Extracting Blockchain Data with Cryo

Stay Frosty

Nov 02, 2023

∙ Paid

UPDATE: After writing this guide and using Cryo more thoroughly, I have refined the extraction method and processing script. The guide remains below as-is, but I recommend reviewing the updated Cryo extraction script in the Base Chain Data Extraction post.

Base L2 Chain Data Extraction

BowTiedDevil

June 15, 2024

Read full story

A few months ago, noted EVM enthusiast storm released an EVM data extraction tool called Cryo. Cryo is a Rust tool that performs native JSON-RPC queries and stores the extracted data in Apache Parquet format.

His initial announcement on Twitter certainly caught my attention. 16x performance over native Python? I’m in!

Readers may remember my exploration liquidity snapshots for Uniswap V3 pools.

The end result of that effort is a fairly compact JSON file (roughly 12 MB for Ethereum mainnet) that contains a complete snapshot of all V3 liquidity information up to a certain block.

The most painful part of the process was the data extraction. Using web3.py to retrieve blockchain data via JSON-RPC is straightforward but slow. For curiosity, I ran a complete liquidity event retrieval last night against my Geth node. It worked from the deployment block of Uniswap V3 (12,369,621) to block height 18,448,500. The process took about an hour, and most of that involved getting results from get_logs calls to web3py.

I could have improved the process by doing concurrent requests via the new async web3 provider, but I was drawn to Cryo for a different reason: persistent data storage.

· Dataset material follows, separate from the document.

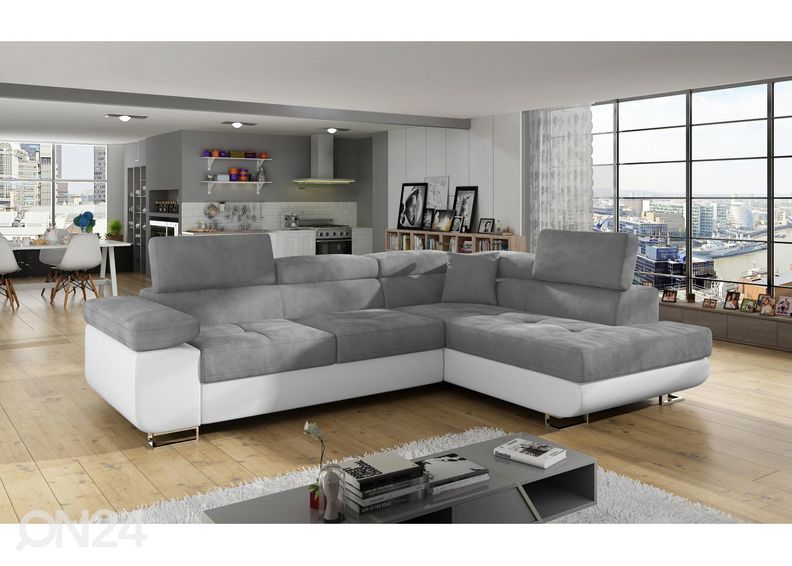 Pesukastiga nurgadiivanvoodi Bremen suurendatud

The Apache Parquet format is very powerful, and it solves a particularly difficult problem for indexed data. Before the Cryo release, storm wrote a fascinating Twitter thread about Parquet.

I also recommend this Parquet overview. A key benefit of Parquet files is that you can evolve a schema over time. Say that you initially want to extract only the block numbers, topics, and data for a given set of event logs. Later as your analytics requirement changes, you decide that you need the transaction hashes of those events. You can run a separate Cryo extraction for that info, then bundle the two separate Parquet files together as a dataset, which is merged by common indices. It’s very similar to combining tables with SQL JOIN, but without the need to operate a database or predefine schema.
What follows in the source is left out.